Downloading ABIDE PCP data¶

*Alternative versions: LabNotebook, nbviewer*

Contents¶

Overview
Notebook Setup
Get metadata file
Download example with one subject
- Get CPAC pipeline output
- Get freesurfer output
Several subjects and folders

Overview¶

The ABIDE preprocessed connectome project (PCP) data can be downloaded programatically with a little hackery. This helps to keep storage space to a minimum as we can indicate with complete specificity which files we want, and download and keep (or not keep; just use temporarily) those only. Whilst there are some scripts and apis already out there that greatly finesse the process of grabbing data from the database, there are a few specific functionalities lacking in these that made them insufficient for my own needs. The following notes are therefore a simple set of recipes for grabbing ABIDE PCP data in a way that matched my requirements.
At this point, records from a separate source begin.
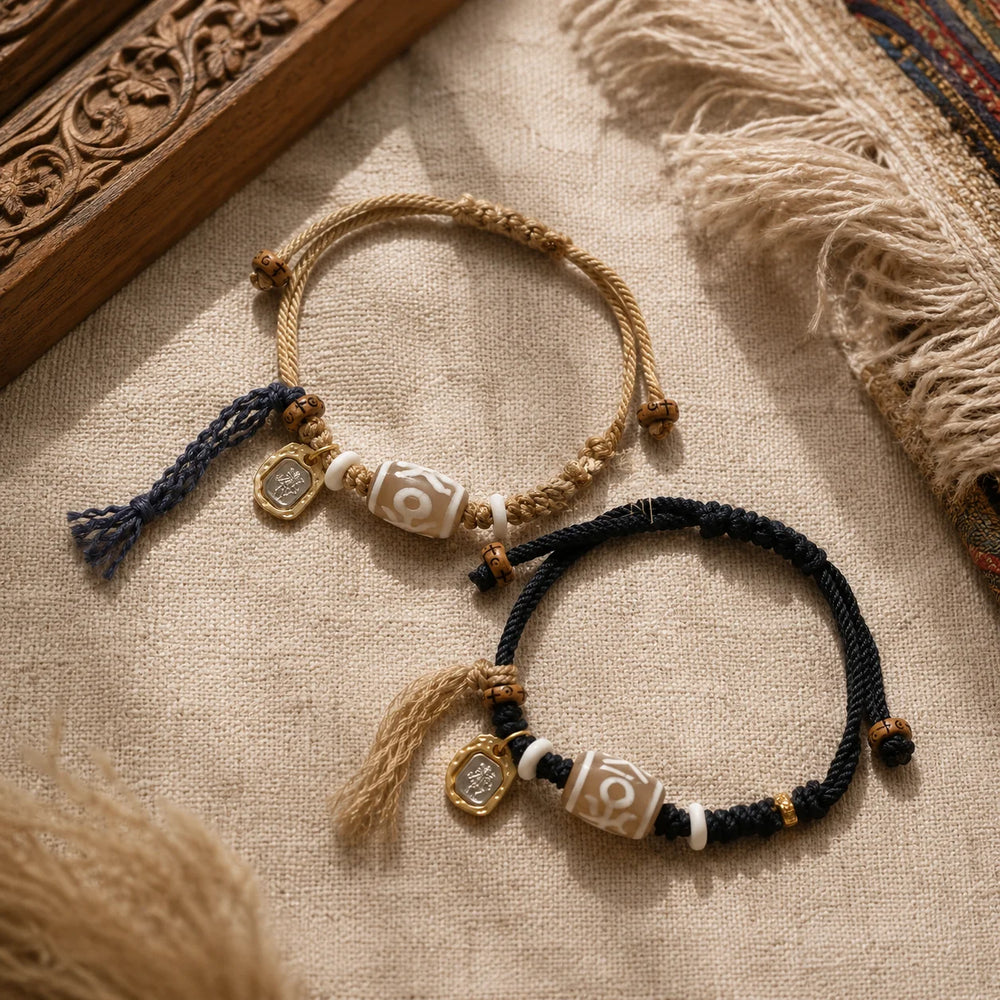 Kailora Tibetan Noble Dzi Agate Cord Bracelet with Zaki Lhamo Prosperity Charm detail view 4 | Kailora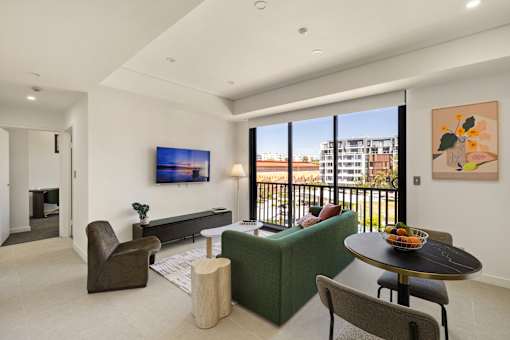 A living room with a green couch, a brown chair, a coffee table, and a painting on the wall.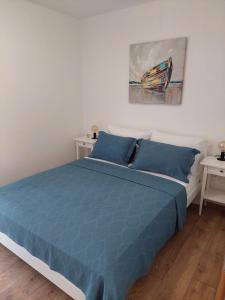 a bedroom with a blue bed and a painting on the wall at Bella Vista in Komarna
I believe it should also generalize to the other non-abide PCP databases also.

Notebook Setup¶

Define some variables

In [1]:

# define system-specific filepaths etc
%run ~/set_localenv_vars.py

# output dir
outdir = le['data_dir'] + '/notebooks/downloading_abide_pcp_data'
!mkdir -p $outdir

nb_name = 'downloading_abide_pcp_data'

# stuff for analyses

s3_prefix = 'https://s3.amazonaws.com/fcp-indi/data/Projects/'\
            'ABIDE_Initiative'
    
abide_dir = le['data_dir'] + '/PCP/ABIDE/downloaded'

# stuff for workdocs-cloudfiles

aws_key = 'drowssaperucesyreva'
aws_secret = '?teytidettopsuoyevah'

Importage

In [5]:

# Generic imports

from IPython.display import Image,display as d

from copy import deepcopy

import os,glob,sys

import numpy as np
import pandas as pd

import urllib

# workdocs-cloudfiles stuff

sys.path.append(le['ipynb_workdocs_dir'])
from new_utils import nb_fig,cloudfiles_nb

Initialize workdocs-cloudfiles folder

In [6]:

cnb = cloudfiles_nb('aws', [aws_key,aws_secret])
cnb.initialize_folder(nb_name)

Load calico document extensions

In [75]:

%%javascript
IPython.load_extensions('calico-spell-check', 'calico-document-tools', 
                        'calico-cell-tools');

Go to output folder

In [7]:

os.chdir(outdir)

Ok, let's get cracking...

Get metadata file¶

In [9]:

md_file = 'Phenotypic_V1_0b_preprocessed1.csv'
url = s3_prefix + '/' + md_file
out_file = abide_dir + '/' + md_file
urllib.urlretrieve(url,out_file);

Take a look at metadata file

In [11]:

df_md = pd.read_csv(out_file)

In [25]:

cols = ['subject', 'SUB_ID', 'FILE_ID', 'AGE_AT_SCAN','SEX', 'DX_GROUP']
d(df_md[cols].ix[0:5])

	subject	SUB_ID	FILE_ID	AGE_AT_SCAN	SEX	DX_GROUP
0	50002	50002	no_filename	16.77	1	1
1	50003	50003	Pitt_0050003	24.45	1	1
2	50004	50004	Pitt_0050004	19.09	1	1
3	50005	50005	Pitt_0050005	13.73	2	1
4	50006	50006	Pitt_0050006	13.37	1	1
5	50007	50007	Pitt_0050007	17.78	1	1

Download example with one subject¶

In [12]:

site = 'Caltech'
sub = '0051456'

Get CPAC pipeline output¶

In [13]:

pipeline = 'cpac'
strategy = 'filt_global'
derivative = 'func_preproc'
suffix = '.nii.gz'
path = '/Outputs/%s/%s/%s/%s_%s_%s%s' %(pipeline,strategy, derivative,
                                        site,sub, derivative, suffix)
d(path)

'/Outputs/cpac/filt_global/func_preproc/Caltech_0051456_func_preproc.nii.gz'

In [14]:

out_file = abide_dir + path
out_folder = os.path.dirname(out_file)
if not os.path.isdir(out_folder): os.makedirs(out_folder)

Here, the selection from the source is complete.